*PROVIDED ENTRIES*.
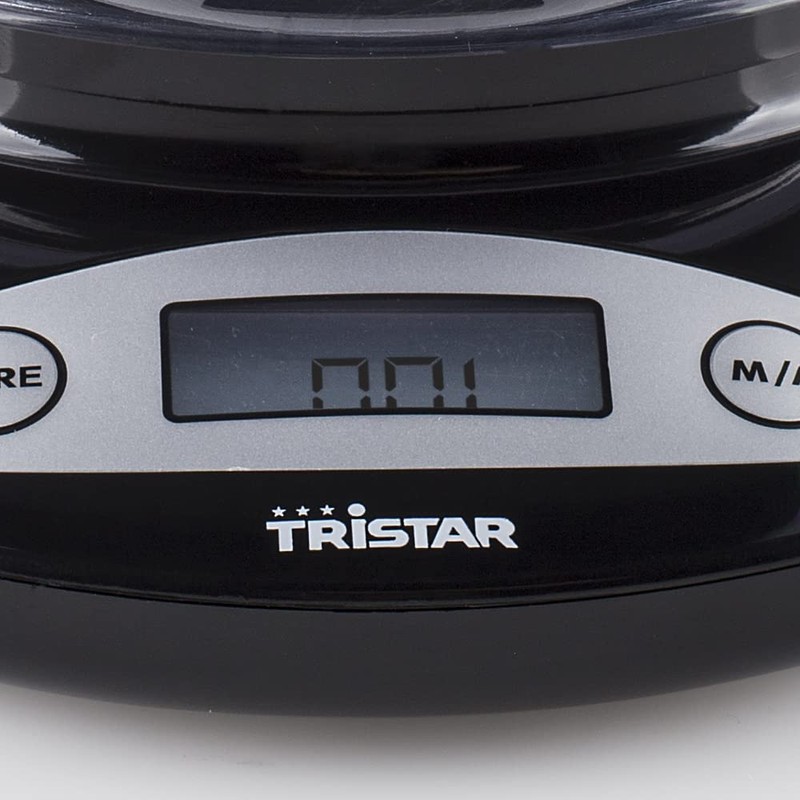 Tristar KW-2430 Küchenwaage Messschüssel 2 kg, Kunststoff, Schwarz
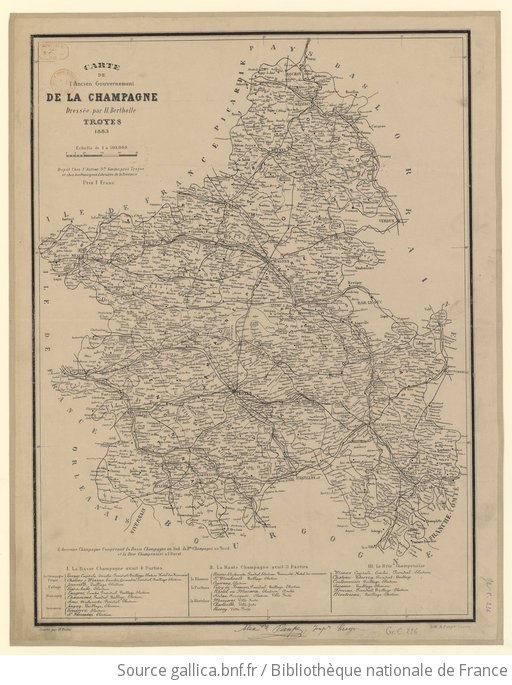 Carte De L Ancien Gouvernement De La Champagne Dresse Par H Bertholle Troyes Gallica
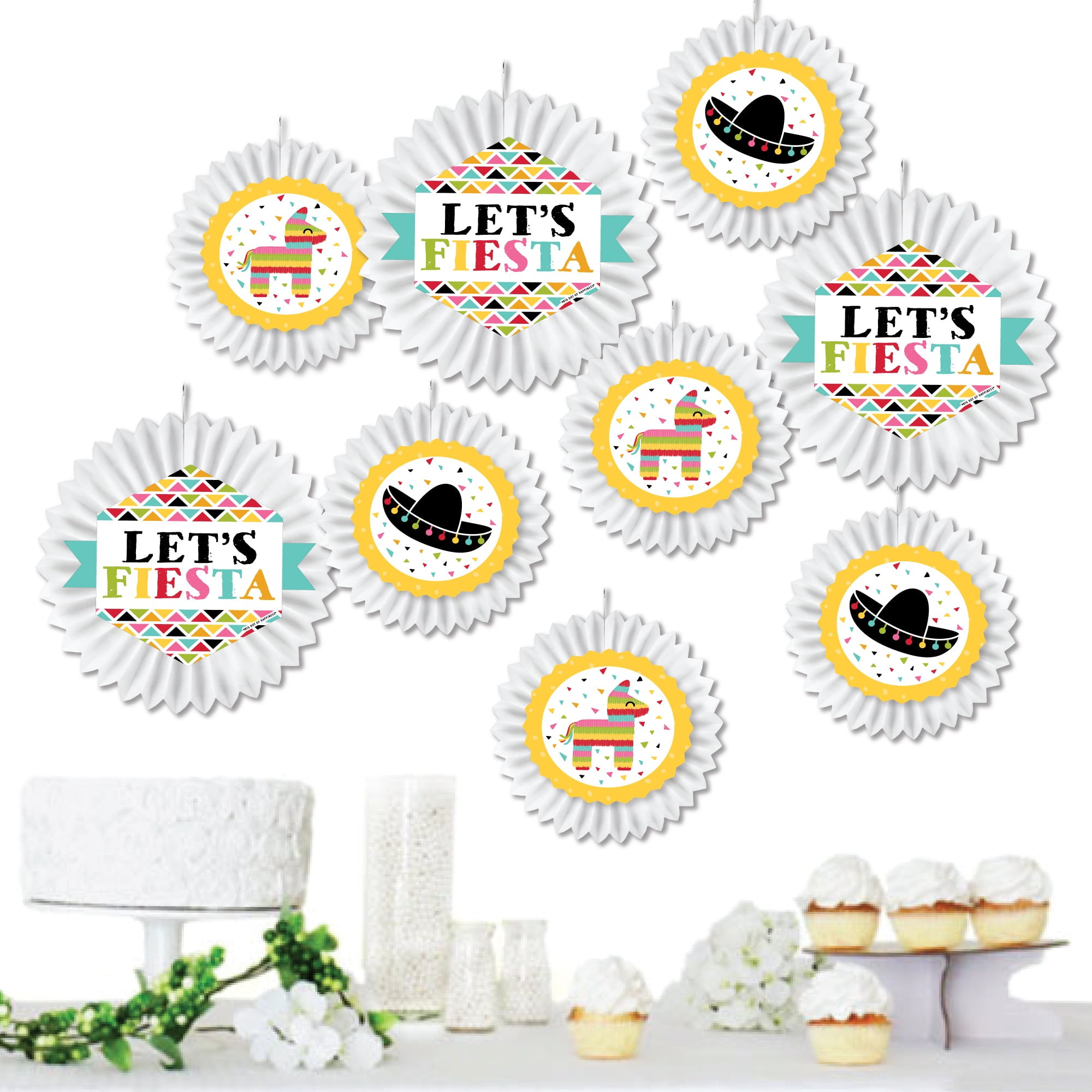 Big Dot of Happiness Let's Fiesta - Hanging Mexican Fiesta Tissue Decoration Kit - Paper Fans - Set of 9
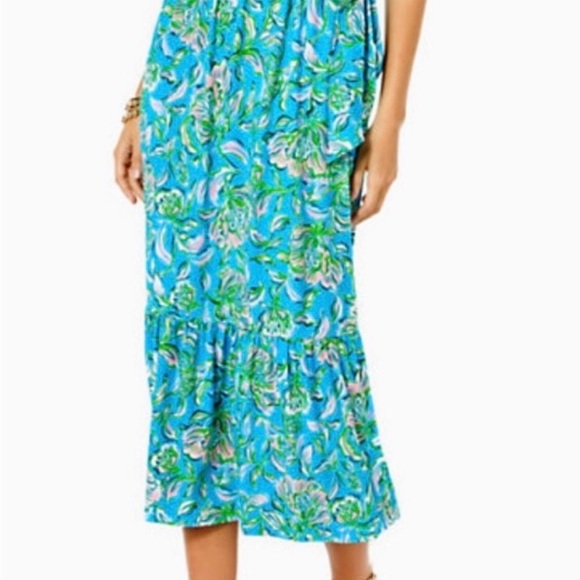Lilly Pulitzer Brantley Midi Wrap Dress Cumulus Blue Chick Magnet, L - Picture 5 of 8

==

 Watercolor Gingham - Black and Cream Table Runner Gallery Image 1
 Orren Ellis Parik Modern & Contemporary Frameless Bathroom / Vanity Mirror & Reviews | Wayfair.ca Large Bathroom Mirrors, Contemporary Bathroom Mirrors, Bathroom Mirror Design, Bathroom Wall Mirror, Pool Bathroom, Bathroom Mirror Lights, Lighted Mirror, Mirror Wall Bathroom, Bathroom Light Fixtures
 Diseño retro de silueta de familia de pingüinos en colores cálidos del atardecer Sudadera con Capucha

--

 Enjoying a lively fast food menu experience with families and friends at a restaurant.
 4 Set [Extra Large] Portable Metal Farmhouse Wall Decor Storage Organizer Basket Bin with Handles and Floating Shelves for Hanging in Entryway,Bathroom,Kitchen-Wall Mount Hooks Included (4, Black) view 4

*TASK TO CARRY OUT*. Out of the records above, please copy exactly the lines from the line with "Tristar KW-2430 Küchenwaage" up to and including the line with "Lilly Pulitzer Brantley", minus the pictures.

*EXERCISE ANSWER*.
 Tristar KW-2430 Küchenwaage Messschüssel 2 kg, Kunststoff, Schwarz
 Carte De L Ancien Gouvernement De La Champagne Dresse Par H Bertholle Troyes Gallica
 Big Dot of Happiness Let's Fiesta - Hanging Mexican Fiesta Tissue Decoration Kit - Paper Fans - Set of 9
Lilly Pulitzer Brantley Midi Wrap Dress Cumulus Blue Chick Magnet, L - Picture 5 of 8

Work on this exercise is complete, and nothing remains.